═════ Data section ═════

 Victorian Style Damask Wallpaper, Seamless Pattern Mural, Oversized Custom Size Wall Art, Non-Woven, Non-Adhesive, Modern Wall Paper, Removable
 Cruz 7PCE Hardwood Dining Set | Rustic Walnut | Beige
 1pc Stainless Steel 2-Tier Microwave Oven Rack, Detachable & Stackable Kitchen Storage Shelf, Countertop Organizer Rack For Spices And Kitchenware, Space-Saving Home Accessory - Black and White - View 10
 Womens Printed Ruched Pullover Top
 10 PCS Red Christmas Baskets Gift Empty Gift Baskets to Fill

═════
═════ Data section ═════

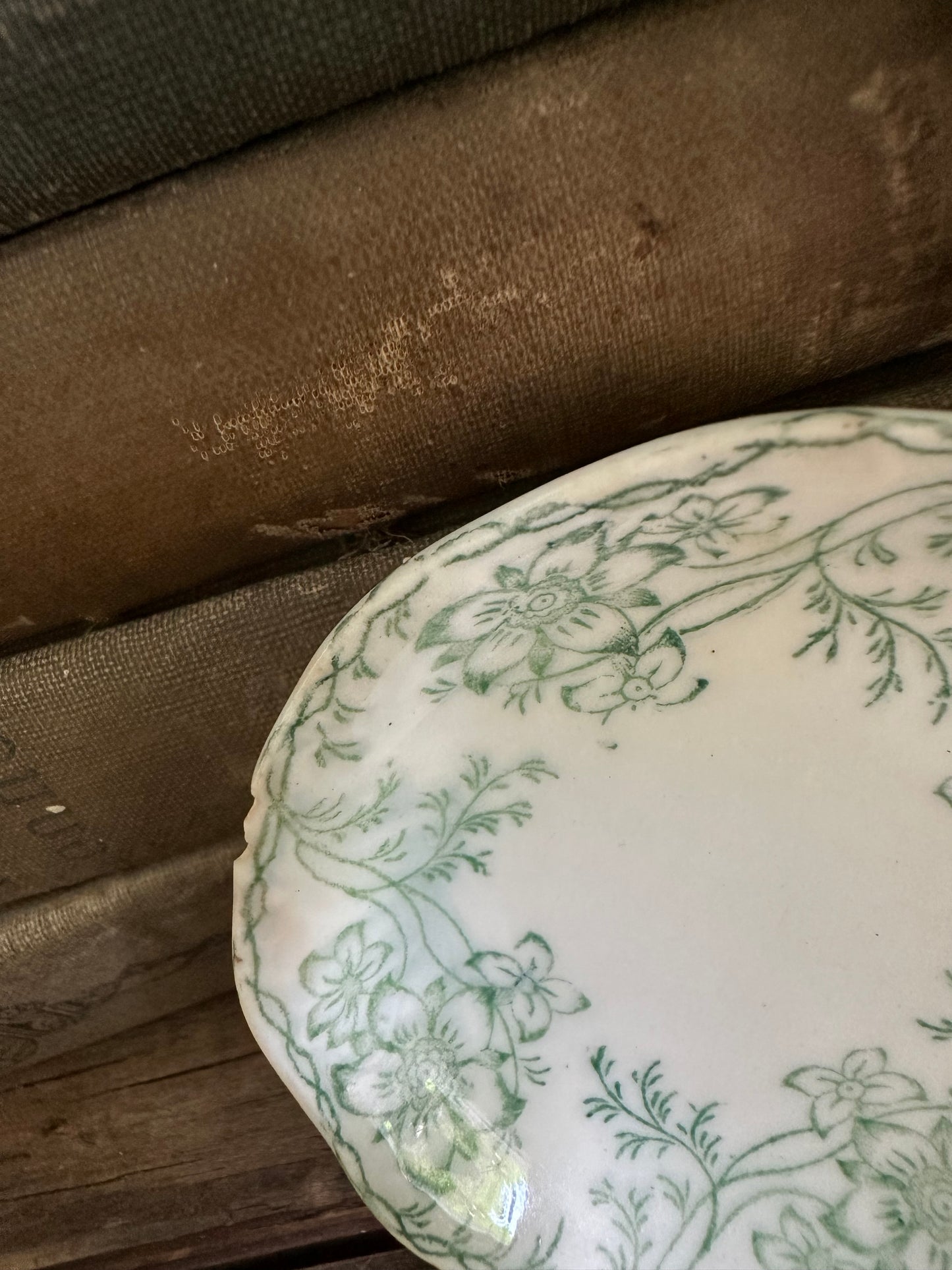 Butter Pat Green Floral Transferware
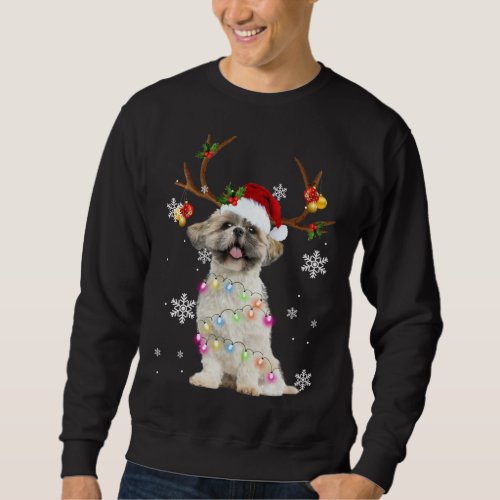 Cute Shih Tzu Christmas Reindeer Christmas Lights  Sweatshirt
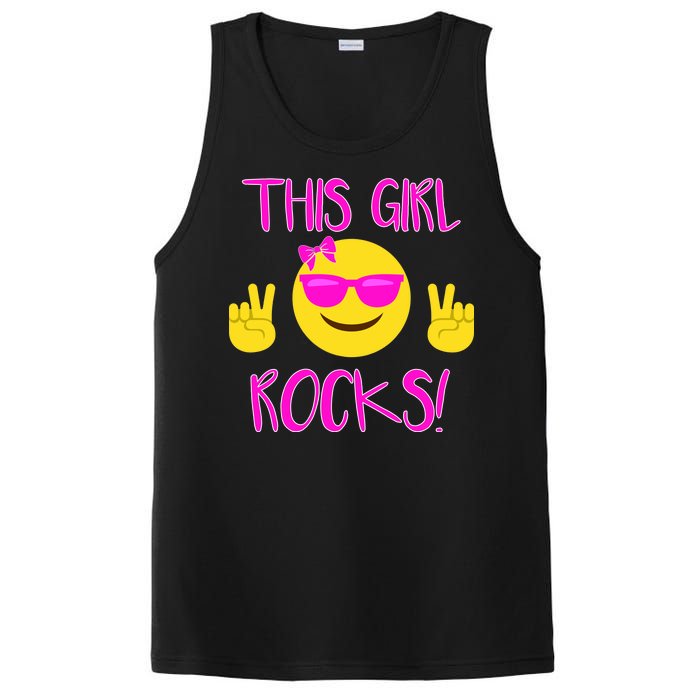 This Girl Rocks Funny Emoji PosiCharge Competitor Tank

═════

= Exercise =
Please set down, exactly and with no pictures, the lines in the entries above starting at the one holding "Cute Shih Tzu" and ending at the one holding "This Girl Rocks", ends included.

= Completed exercise =
 Cute Shih Tzu Christmas Reindeer Christmas Lights  Sweatshirt
 This Girl Rocks Funny Emoji PosiCharge Competitor Tank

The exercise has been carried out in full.